> [TASK ITEM]: Please restate word for word all lines from the one containing "Meilleurs Carénages Moto" to the final line of the entries, and include no pictures.

━━━ RAW DATA

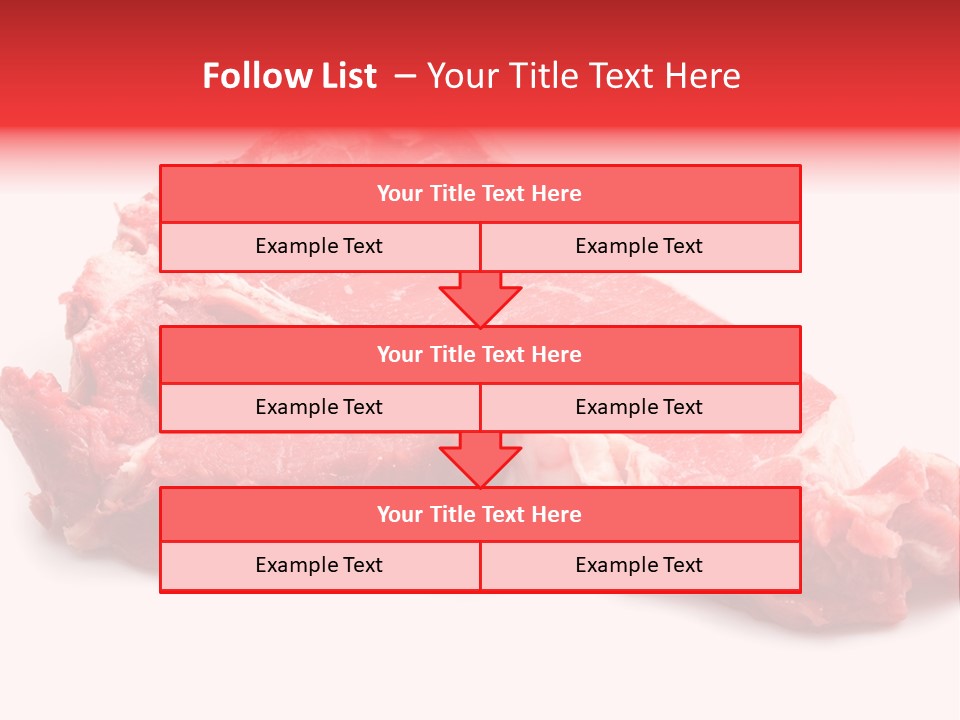 Delicious Green Steak PowerPoint Template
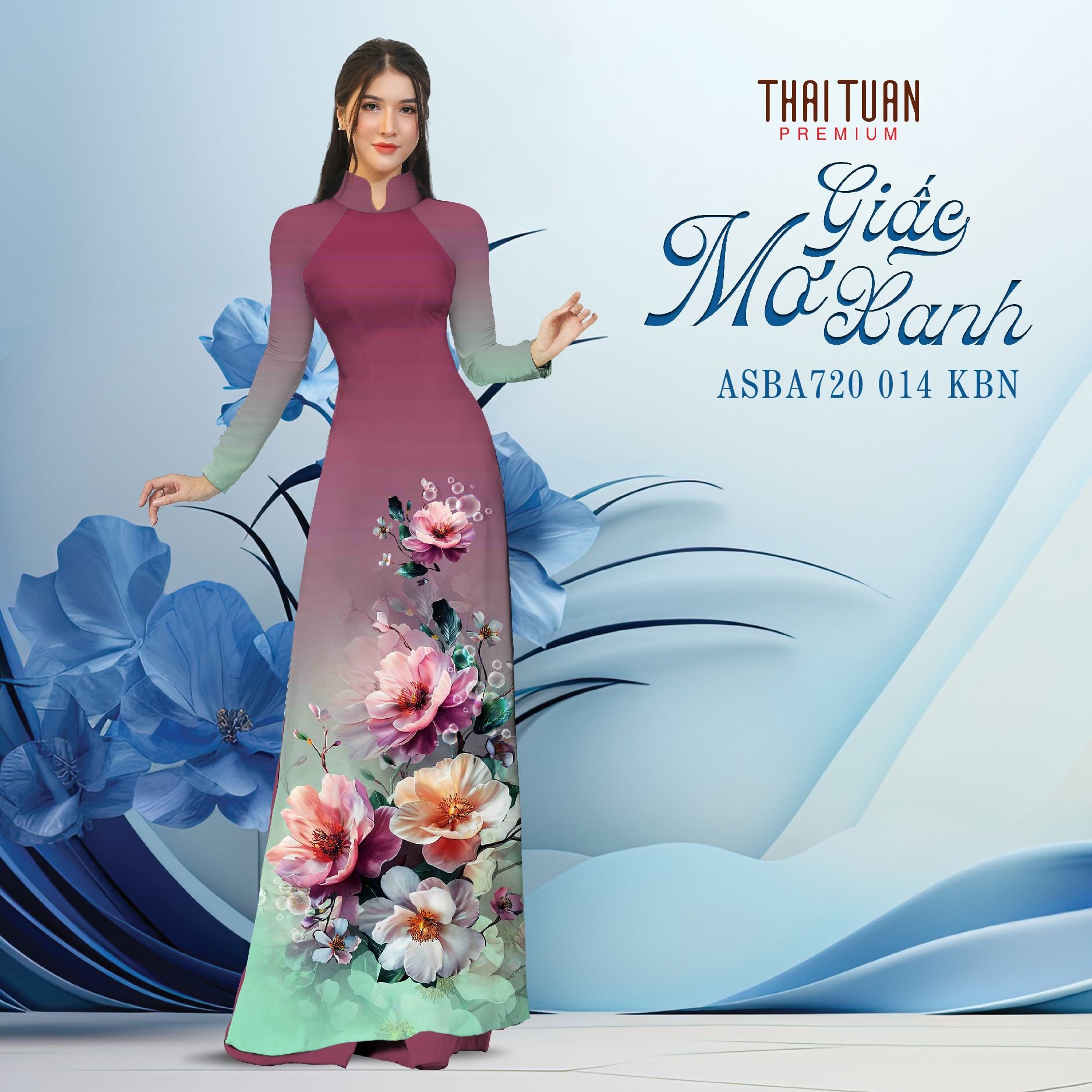 Vải Áo Dài Satin Hương Thơm Kháng Khuẩn Đính Đá Khổ 1m50 x Dài 2m3 ASB6720T87KBN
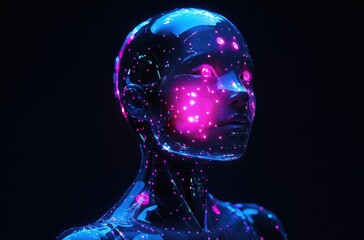 3d rendered illustration of a female figure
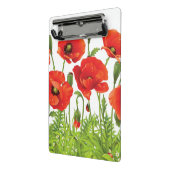 Horizontale grens met rode papaver mini klembord (Angled2)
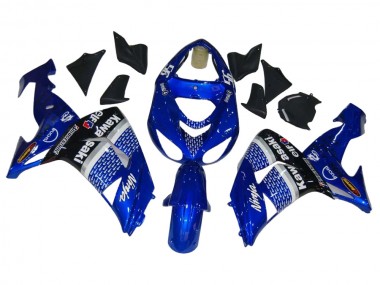 Meilleurs Carénages Moto Kawasaki ZX10R 2006-2007 - Bleu Blanc Noir Elf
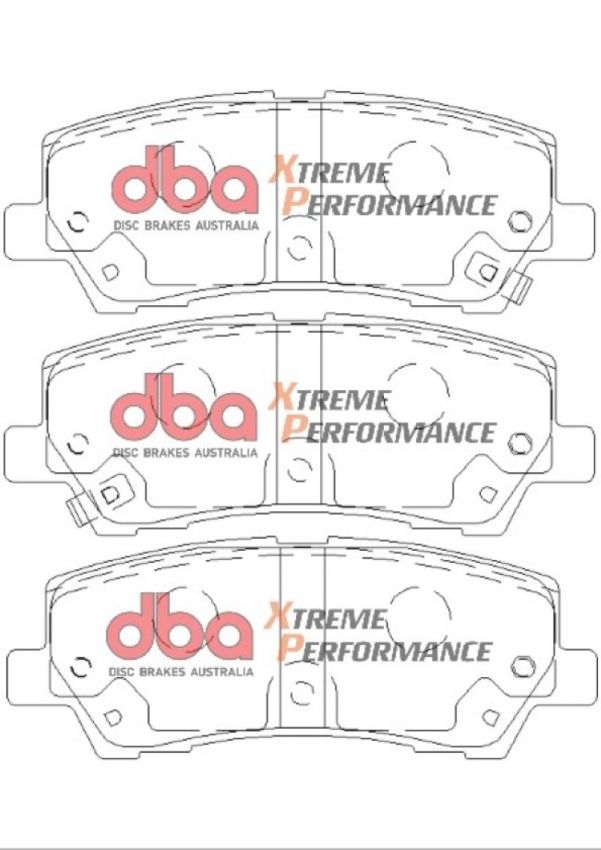 DBA 15-17 Ford Mustang GT V8 w/Brembo Brakes XP650 Rear Brake Pads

━━━━━━

> [TASK RESPONSE]:
 Meilleurs Carénages Moto Kawasaki ZX10R 2006-2007 - Bleu Blanc Noir Elf
 DBA 15-17 Ford Mustang GT V8 w/Brembo Brakes XP650 Rear Brake Pads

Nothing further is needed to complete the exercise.